Je me souviens qu’en apprenant la mort d’Allende, on a pleuré, tous dehors sur la place. Face à notre quartier populaire, de l’autre côté de la rue, il y avait des maisons avec des drapeaux chiliens sur le toit, habitées par des petits bourgeois qui se moquaient de nous, les UPlientos. On ne pouvait que pleurer, on se sentait impuissant même face à eux.

Les travailleurs chiliens soutenant Allende en 1964.
Les travailleurs chiliens soutenant Allende en 1964.

Même si on était jeunes, on était très marqué politiquement, droite ou gauche. C’était une période d’affrontement avec la bourgeoisie (les Momies, comme on les appelait).

Le 11 septembre 1973, c’était la fin de l’époque la plus belle de ma vie. J’avais pu aller au Théâtre Municipal pour la première fois voir une pièce de théâtre. Les travailleurs pouvaient aller suivre des cours le soir à l’université. Les bus pour aller à l’école étaient gratuits. Qu’est-ce qu’on a pu rire dans ces bus ! Chaque enfant avait droit à un demi litre de lait..

Le 11 septembre, ils nous ont volé : la sécurité sociale, la santé publique, l’éducation gratuite, le cuivre nationalisé sans rachat le 11 juillet 1971… et tout ça dans les premiers jours de la dictature !

40 ans après ça reste pour moi comme si c’était aujourd’hui. J’entends les bruits des chars, des coups de matraques, des portes défoncées dans les maisons, les cris des gens sortis tout nus dans la rue au petit matin, les pleurs des femmes et des enfants et la peur au ventre qui nous envahissait et qui est toujours là.

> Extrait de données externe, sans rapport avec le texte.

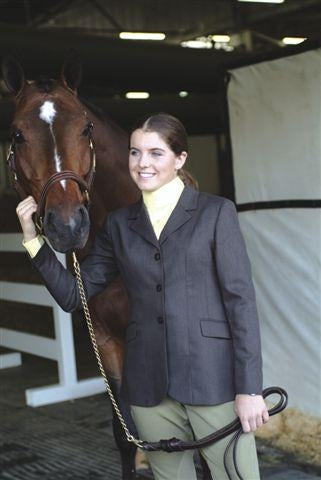 Ovation Ladies Wool Competition Coat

40 ans après, ceux qui ont torturé, demandent pardon mais les familles des disparus et bon nombre de gens répondent : « ni perdon, ni olvido », ni pardon, ni oubli.

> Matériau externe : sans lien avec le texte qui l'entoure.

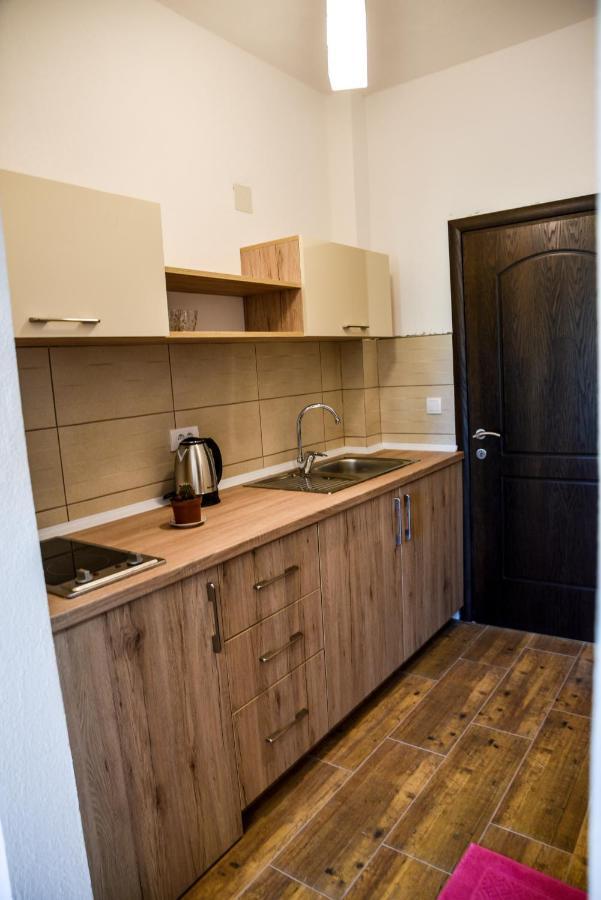 Casa Sinani Hotell Ulcinj Exteriör bild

40 ans après, je suis convaincue que ce serait un bel hommage à rendre à tous les morts et tout le peuple qui souffre de leur rendre ce qui leur a été volé et que la démocratie bourgeoise ne leur a pas rendu.

Cet hommage sera celui des luttes actuelles des travailleurs qui se battent pour reprendre tout ce qui été volé et veulent construire une société que j’avais rêvée et dégustée quand j’avais 15 ans.